Mrs. Callaghan sighed. “It was a little more… complicated than that. The two boys had a class together with Mr. Bergen. Have you met him? He still teaches here.”
“Older guy? Math teacher?”
“Biology. Vietnam veteran, and very strict as teachers go.”
“I met him briefly in the lounge. He did seem like kind of a hardass.”
“He’s softened up over the years. Cain and the other boy were in his class together, and there was a sudden altercation one afternoon. Right there in the classroom.”
“Why? What set it off?”
“There were notes being passed around. They revealed what happened… Cain had a little romance going, a crush… but the other boy had apparently, very quietly, stolen her away. Not only that, but he convinced her to help him carry out an elaborate prank which resulted in… well…”
“What is it?”
Mrs. Callaghan blushed and lowered her voice considerably. “It ended with Cain inadvertently performing a sex act on a homeless man in front of a room full of people.”
“Uh. Holy shit.”
“Anyway. Cain didn’t come back to school for two weeks after that, and the day he came back was when the altercation happened. Bergen told them to put their books away and get out their pencils for a quiz. Cain instead pulled out a knife, stood up, walked to the other boy, and slashed him across the face.”
“Oh my god!”
“And here’s where your knife fight comes in. Bergen kind of snapped, I guess, and grabbed a scalpel from his counter top, to face Cain in battle. But Cain was too fast for him and sliced his belly open.”
Rose squirmed. “What happened to him?”
“Story’s not over yet. Bergen had a student teacher who was a little late that day. The student teacher walked into the classroom and saw Bergen clutching his belly, this other kid on the floor, Cain holding the knife, and blood everywhere. He assumed the worst and tackled Cain. He was a big guy, hefty, and during the tackle Cain’s head got bashed in on the countertop. He was killed instantly.”
“The other kid – did he die?”
“I guess he was blinded. The student teacher was so distraught over what happened that he checked himself into a mental institution.”
“And Bergen lived through it.”
“Bergen claimed that he suffered through worse in the war, and I’m not going to doubt him, but he required some major surgery and was very close to death.”

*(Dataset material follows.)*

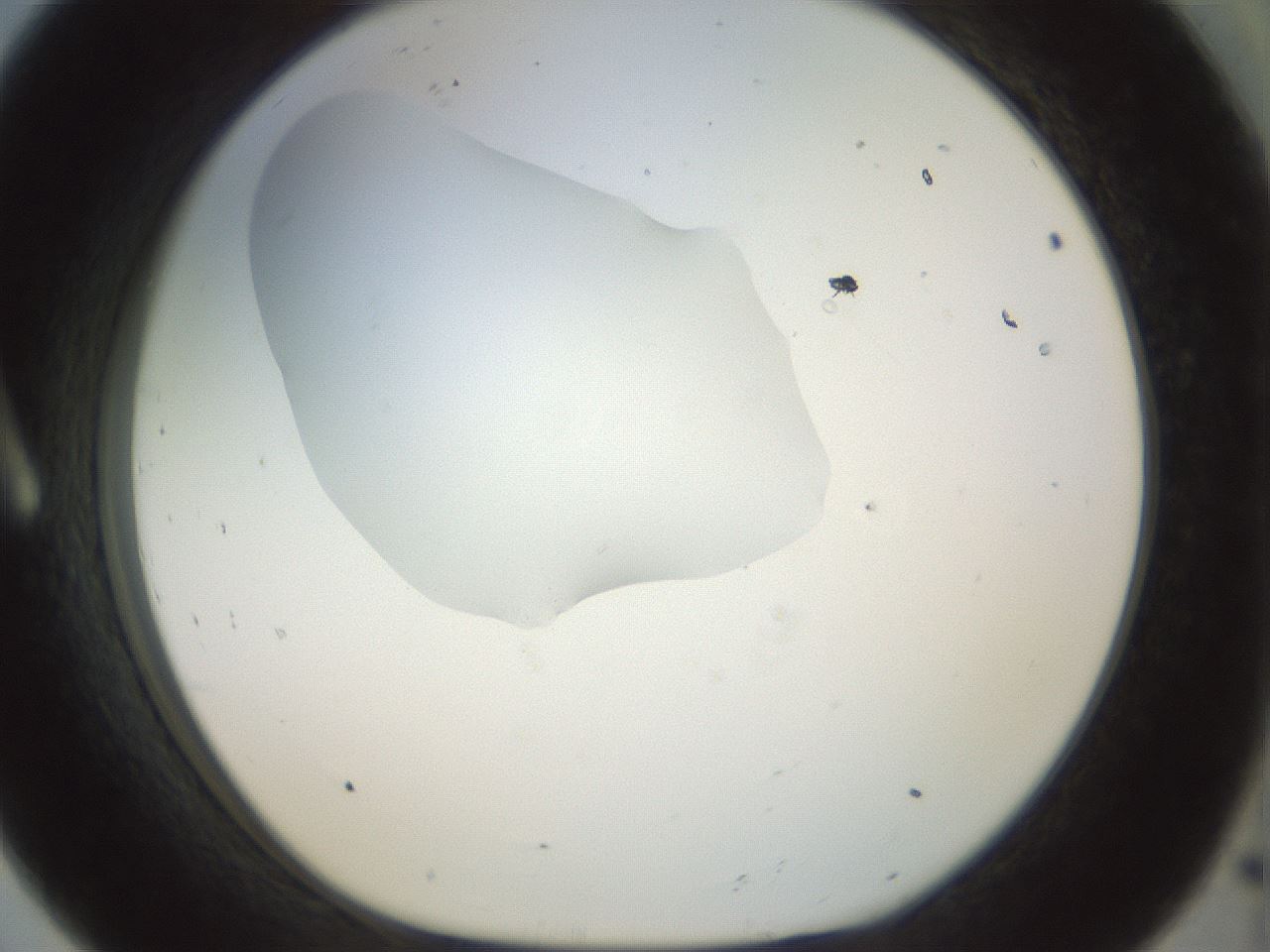 folderID15_plateID1015_batchID1886_wellNum8_profileID1_d1_r42987_ef.jpg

Rose looked out the window and watched the last bus pulling away.
“Mrs. Callaghan? I don’t think I want to be a teacher anymore.”
“I’ve uttered those words every fucking day since I became one.” Mrs. Callaghan turned to Rose with a stern look on her face. “And yet, here I am. What a world.”
“Mrs. Callaghan?”
“What is it, dear?”
“Why didn’t you remember this right away, when I asked you about knife fights earlier?”
“Oh, I remembered it. I just wasn’t sure if scalpels counted.”